Hierarchical Winner-Take-All Circuits Achieve Superior Compositional Reasoning with Dramatically Fewer Parameters
Key Takeaways
- ▸HWTA circuits achieve compositional generalization with orders of magnitude fewer parameters than transformers—a 164-param model beats a 6.5M-param transformer by 94 points on SCAN
- ▸The architecture replaces attention with discrete routing and slot-based message passing, where slots communicate by carrying source state information enabling multi-hop reasoning
- ▸The content-structure separation principle—learning structure while passing content unchanged—generalizes across different task types (graphs, sequences, arithmetic) with task-specific instantiations
Summary
A new neural architecture called Hierarchical Winner-Take-All (HWTA) circuits has demonstrated remarkable performance on compositional reasoning tasks, beating transformer baselines by significant margins while using substantially fewer parameters. Most notably, a 164-parameter HWTA model achieved 100% accuracy on the SCAN add-jump benchmark, outperforming a 6.5M-parameter transformer by 93.6 points. The architecture replaces softmax attention with discrete routing over a fixed slot bank, enabling more efficient information flow and reasoning.
The key architectural innovation involves enabling slots to communicate by carrying source-slot state information through message passing. This one-line fix allows information to flow along graph edges through the routing structure over multiple propagation steps, enabling genuine multi-hop reasoning to emerge. The principle of content-structure separation—where structure is learned while content passes through unchanged—is instantiated differently for different task types, using edge-aware gather-scatter operations for graph tasks, positional slot buffers for sequence tasks, and bilinear operation tables for arithmetic tasks.
HWTA circuits demonstrated consistent superiority across five compositional reasoning benchmarks: CLUTRR (+44.0 points at k=10 with matched parameters), SCAN variants (+78.7 to +93.6 points), CruxMini (+84.8 points), ListOps (+58.3 points), and Graph reasoning tasks (up to +9.2 points). The reproducible results span multiple seeds and include fully open-source implementations, from the minimal 164-parameter symbolic variant to fully-learned models with up to 1.5B parameters.
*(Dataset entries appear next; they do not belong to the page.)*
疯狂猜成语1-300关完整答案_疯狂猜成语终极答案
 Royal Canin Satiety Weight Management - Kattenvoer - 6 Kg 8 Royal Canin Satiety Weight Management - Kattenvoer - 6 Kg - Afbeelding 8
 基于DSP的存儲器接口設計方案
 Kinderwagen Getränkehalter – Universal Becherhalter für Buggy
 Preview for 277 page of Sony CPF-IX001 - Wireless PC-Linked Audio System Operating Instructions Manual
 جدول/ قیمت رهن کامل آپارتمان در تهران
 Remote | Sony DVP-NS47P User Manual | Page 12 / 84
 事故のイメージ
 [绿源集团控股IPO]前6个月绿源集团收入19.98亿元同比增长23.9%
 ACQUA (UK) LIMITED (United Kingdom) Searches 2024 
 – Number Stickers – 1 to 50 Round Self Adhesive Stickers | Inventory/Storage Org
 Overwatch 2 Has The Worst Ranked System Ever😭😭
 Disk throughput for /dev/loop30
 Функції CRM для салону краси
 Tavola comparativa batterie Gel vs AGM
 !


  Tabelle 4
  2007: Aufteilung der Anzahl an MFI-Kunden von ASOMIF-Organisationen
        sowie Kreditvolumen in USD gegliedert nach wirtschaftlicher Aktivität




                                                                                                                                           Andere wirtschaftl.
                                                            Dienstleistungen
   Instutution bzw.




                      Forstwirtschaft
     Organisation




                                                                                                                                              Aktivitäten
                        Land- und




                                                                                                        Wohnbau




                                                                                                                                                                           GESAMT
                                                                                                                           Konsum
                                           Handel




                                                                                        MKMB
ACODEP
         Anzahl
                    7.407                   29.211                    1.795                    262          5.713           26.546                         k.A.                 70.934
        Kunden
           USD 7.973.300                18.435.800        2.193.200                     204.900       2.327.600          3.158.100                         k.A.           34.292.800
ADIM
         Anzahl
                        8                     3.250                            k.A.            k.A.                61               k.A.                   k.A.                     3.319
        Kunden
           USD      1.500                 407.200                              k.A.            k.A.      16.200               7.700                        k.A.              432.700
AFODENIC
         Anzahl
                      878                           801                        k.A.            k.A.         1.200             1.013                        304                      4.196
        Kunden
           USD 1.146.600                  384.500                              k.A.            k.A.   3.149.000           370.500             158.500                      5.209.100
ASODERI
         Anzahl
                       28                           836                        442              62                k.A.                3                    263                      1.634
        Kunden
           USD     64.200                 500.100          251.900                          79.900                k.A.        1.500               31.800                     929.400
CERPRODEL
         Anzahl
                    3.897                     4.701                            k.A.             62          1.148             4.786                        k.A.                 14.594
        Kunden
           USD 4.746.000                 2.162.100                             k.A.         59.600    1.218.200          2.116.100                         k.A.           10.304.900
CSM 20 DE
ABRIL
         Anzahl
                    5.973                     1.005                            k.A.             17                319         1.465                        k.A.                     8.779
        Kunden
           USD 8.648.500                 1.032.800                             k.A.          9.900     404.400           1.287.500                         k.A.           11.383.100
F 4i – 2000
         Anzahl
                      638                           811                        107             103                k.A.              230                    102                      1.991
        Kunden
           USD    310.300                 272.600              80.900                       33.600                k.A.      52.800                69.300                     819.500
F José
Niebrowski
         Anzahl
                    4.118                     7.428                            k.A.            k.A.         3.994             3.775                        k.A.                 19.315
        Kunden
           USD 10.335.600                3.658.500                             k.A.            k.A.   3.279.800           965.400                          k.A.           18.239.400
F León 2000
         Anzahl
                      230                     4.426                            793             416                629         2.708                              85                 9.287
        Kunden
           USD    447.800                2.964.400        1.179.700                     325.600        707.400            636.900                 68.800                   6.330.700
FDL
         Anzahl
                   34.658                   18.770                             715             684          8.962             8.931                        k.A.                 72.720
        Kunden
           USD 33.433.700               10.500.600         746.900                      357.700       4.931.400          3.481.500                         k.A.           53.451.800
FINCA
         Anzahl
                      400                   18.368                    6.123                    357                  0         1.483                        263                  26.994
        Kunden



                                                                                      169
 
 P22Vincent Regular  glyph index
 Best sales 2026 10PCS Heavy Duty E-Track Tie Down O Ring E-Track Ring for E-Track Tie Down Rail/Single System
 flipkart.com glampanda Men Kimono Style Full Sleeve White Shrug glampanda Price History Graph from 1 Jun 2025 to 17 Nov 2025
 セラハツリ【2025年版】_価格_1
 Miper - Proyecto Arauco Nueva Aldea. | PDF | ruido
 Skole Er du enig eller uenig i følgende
- Results are consistent across five benchmarks and fully reproducible with open-source code, suggesting HWTA may be a fundamental alternative to attention for compositional tasks
Editorial Opinion
This research challenges the near-universal assumption that attention is necessary for reasoning tasks and demonstrates that discrete routing over learned slot structures can achieve superior compositional generalization with dramatically fewer parameters. If these results hold up to scrutiny and generalize beyond the tested benchmarks, this could represent a significant shift in how we design architectures for reasoning. The emphasis on reproducibility, full code release, and honest reporting of ablations across multiple seeds sets a strong standard for ML research.